- INFORMATION SHOWN -
....

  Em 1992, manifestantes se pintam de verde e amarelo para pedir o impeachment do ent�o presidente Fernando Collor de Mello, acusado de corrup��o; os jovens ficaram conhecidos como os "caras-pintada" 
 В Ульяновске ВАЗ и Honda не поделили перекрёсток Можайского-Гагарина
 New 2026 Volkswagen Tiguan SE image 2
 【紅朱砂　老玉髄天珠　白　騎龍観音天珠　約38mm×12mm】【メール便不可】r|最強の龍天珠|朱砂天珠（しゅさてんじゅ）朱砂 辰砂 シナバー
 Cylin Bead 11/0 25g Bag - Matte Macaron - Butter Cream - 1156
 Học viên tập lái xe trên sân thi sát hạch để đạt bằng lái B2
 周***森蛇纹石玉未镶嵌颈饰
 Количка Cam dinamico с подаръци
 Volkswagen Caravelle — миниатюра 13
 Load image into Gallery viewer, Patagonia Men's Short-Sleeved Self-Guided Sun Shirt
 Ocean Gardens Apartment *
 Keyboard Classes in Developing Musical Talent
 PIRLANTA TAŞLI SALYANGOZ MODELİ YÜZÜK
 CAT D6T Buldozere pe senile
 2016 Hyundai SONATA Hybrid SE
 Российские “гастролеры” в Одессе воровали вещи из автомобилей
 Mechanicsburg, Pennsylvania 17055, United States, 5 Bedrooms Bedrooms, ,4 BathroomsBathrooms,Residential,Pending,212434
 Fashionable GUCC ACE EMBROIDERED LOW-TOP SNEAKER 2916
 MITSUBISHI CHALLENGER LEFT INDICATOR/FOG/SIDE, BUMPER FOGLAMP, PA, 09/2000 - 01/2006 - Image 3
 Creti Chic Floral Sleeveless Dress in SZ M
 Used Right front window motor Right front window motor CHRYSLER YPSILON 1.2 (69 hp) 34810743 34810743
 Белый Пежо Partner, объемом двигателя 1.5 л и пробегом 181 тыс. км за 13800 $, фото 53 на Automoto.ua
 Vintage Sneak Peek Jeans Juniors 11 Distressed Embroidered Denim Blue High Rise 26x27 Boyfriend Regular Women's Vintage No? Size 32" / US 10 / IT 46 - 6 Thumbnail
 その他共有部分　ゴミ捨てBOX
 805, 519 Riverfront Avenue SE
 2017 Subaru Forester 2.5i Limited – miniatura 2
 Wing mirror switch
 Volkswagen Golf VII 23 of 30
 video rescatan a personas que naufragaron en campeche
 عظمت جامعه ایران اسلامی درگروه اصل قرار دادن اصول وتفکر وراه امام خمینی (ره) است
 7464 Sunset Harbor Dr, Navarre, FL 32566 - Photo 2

....

- WORK TO COMPLETE -
Please transcribe exactly the lines above from the line that has "вещи из автомобилей" up to and including the line that has "805, 519 Riverfront Avenue SE"; no other line belongs in the answer.

- RESPONSE TO THIS EXERCISE -
 Российские “гастролеры” в Одессе воровали вещи из автомобилей
 Mechanicsburg, Pennsylvania 17055, United States, 5 Bedrooms Bedrooms, ,4 BathroomsBathrooms,Residential,Pending,212434
 Fashionable GUCC ACE EMBROIDERED LOW-TOP SNEAKER 2916
 MITSUBISHI CHALLENGER LEFT INDICATOR/FOG/SIDE, BUMPER FOGLAMP, PA, 09/2000 - 01/2006 - Image 3
 Creti Chic Floral Sleeveless Dress in SZ M
 Used Right front window motor Right front window motor CHRYSLER YPSILON 1.2 (69 hp) 34810743 34810743
 Белый Пежо Partner, объемом двигателя 1.5 л и пробегом 181 тыс. км за 13800 $, фото 53 на Automoto.ua
 Vintage Sneak Peek Jeans Juniors 11 Distressed Embroidered Denim Blue High Rise 26x27 Boyfriend Regular Women's Vintage No? Size 32" / US 10 / IT 46 - 6 Thumbnail
 その他共有部分　ゴミ捨てBOX
 805, 519 Riverfront Avenue SE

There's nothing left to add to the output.